Converge excels at matching events across browser sessions and your server-side data. This is all possible through aliases. Your customer is linked to multiple aliases, i.e. multiple identifiers for the same customer.

Converge uses the customer’s browser session cookie as the default alias. When you add something as an alias, you are telling Converge that this alias is a unique identifier for this profile across datasources.

As an example, Converge can merge a profile of browser events (e.g. Pageviews) with a profile with backend events (e.g. Started Subscription) if they have the same email.

Other aliases that are useful:

  • cart_token
  • checkout_token: this is absolutely necessary if your checkout lives on a different domain than your storefront token.
  • customer_id

Aliases for re-identification

Many browsers wipe all third-party cookies and all cookies that are set browser-side through JavaScript. For example, Safari will wipe all of those cookies after 7 days.

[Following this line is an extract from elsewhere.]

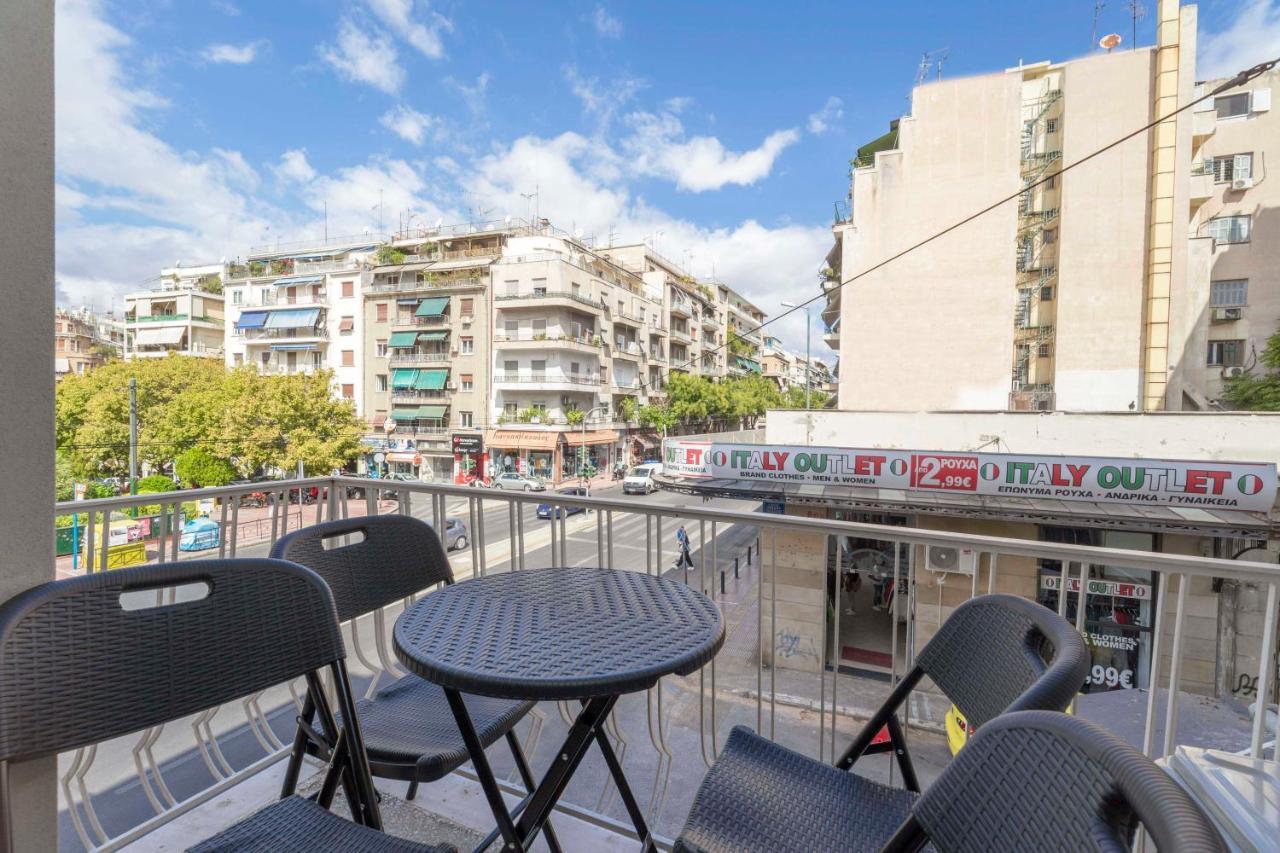 Modern Flat In Central Athens #4 Luaran gambar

This significantly impacts the accuracy of multi-touch attribution. Observe in the graph below how a customer who comes to your site in an interval longer than 8 days cannot be re-identified.

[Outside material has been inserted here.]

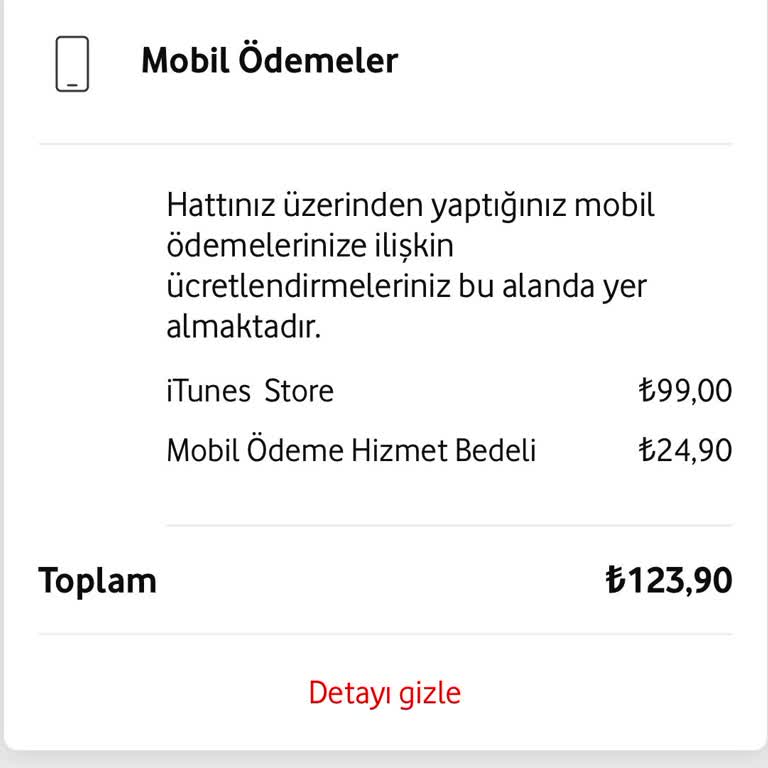 Yanlış Yansıtılan İtunes Ve Mobil Ödeme Ücretleri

For a full list of browsers and their cookie lifetimes, see here

Server-side first-party cookies

The reliable way to re-identify users over longer periods of time is through server-side first-party cookies. As illustrated in the graph below, these do reliably re-identify users.

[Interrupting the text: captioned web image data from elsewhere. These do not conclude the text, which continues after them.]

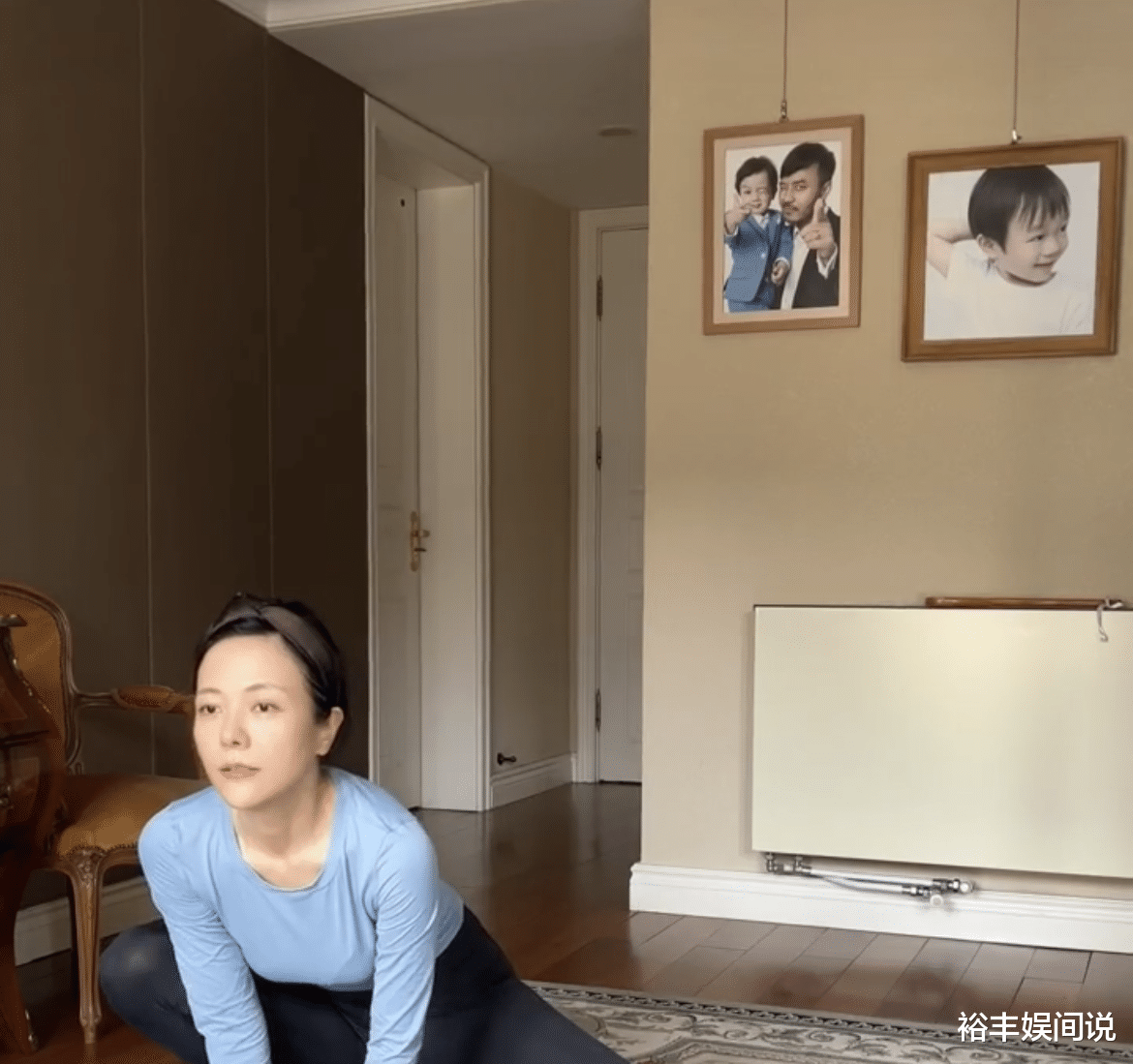 杨乐乐为老公汪涵准备七夕礼物!手上布满绘图,颇像符咒惹争议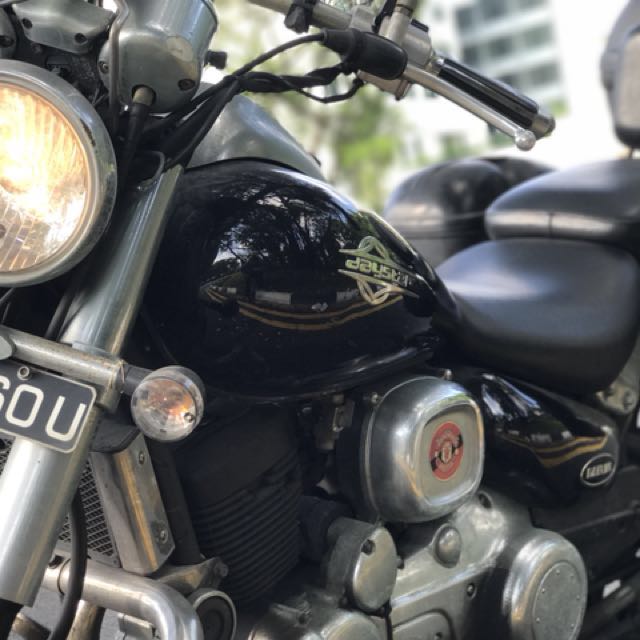 Daelim Daystar X5 150cc Excellent Cruiser Motorcycles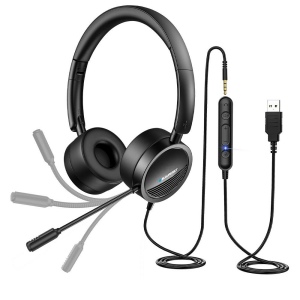 Casque filaire centre d'appel ANTI BRUIT - BLAUPUNKT 2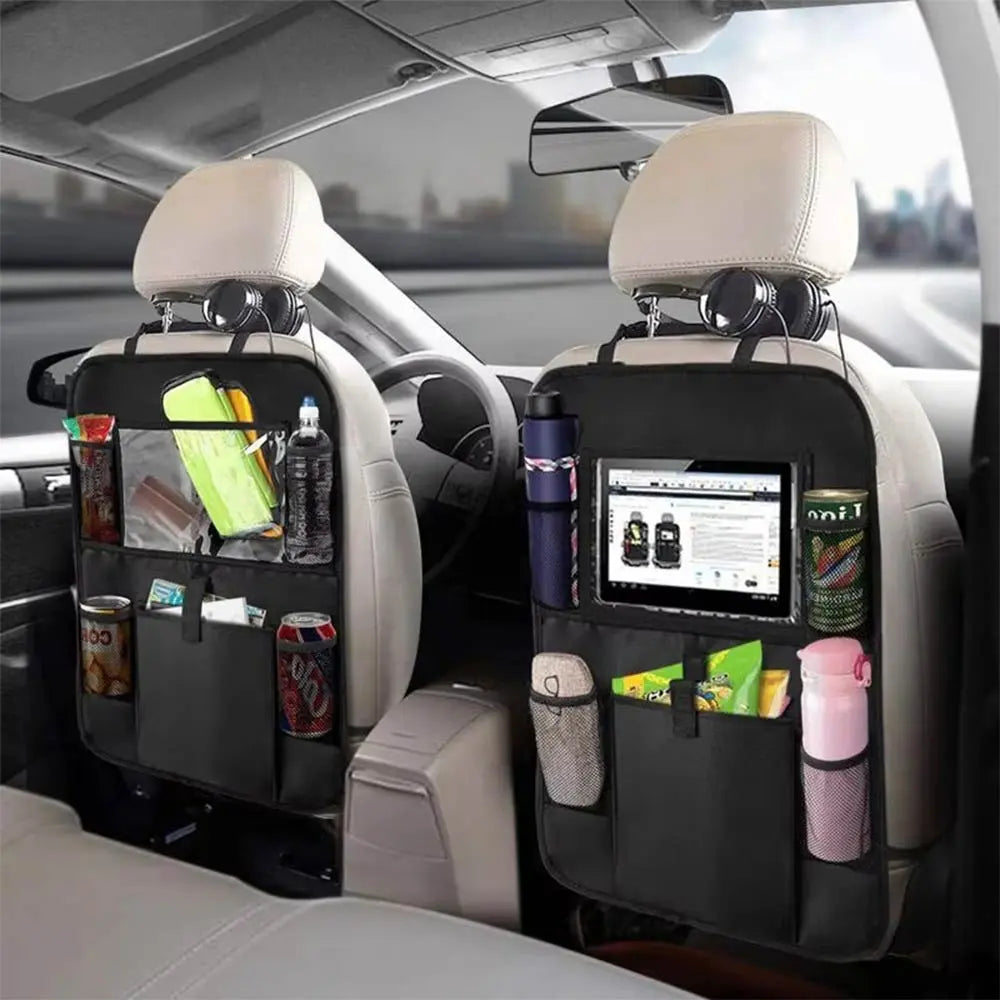 Organisateur de Siège pour Voiture Noir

Leveraging server-side first-party cookies within Converge

By using a server-side first-party cookie as an alias, Converge can:

  1. Reliably re-identify your customers for multi-touch attribution. This is especially important for brands where the buying cycle is longer than the cookie lifetime of 7 days.
  2. Extend the lifetime of third-party cookies: Converge stores third-party cookies that are relevant for your Connections in its profile properties
    . Converge can then retrieve these third-party cookies when it recognizes a customer after the 7-day period.

If you are using one of the Converge prebuilt integrations (e.g. for Shopify) then you are likely already using a server-side first-party cookie. Check out your specific integration documentation to verify.

If you are integrating Converge JS on your website, then you will need to implement this directly yourself.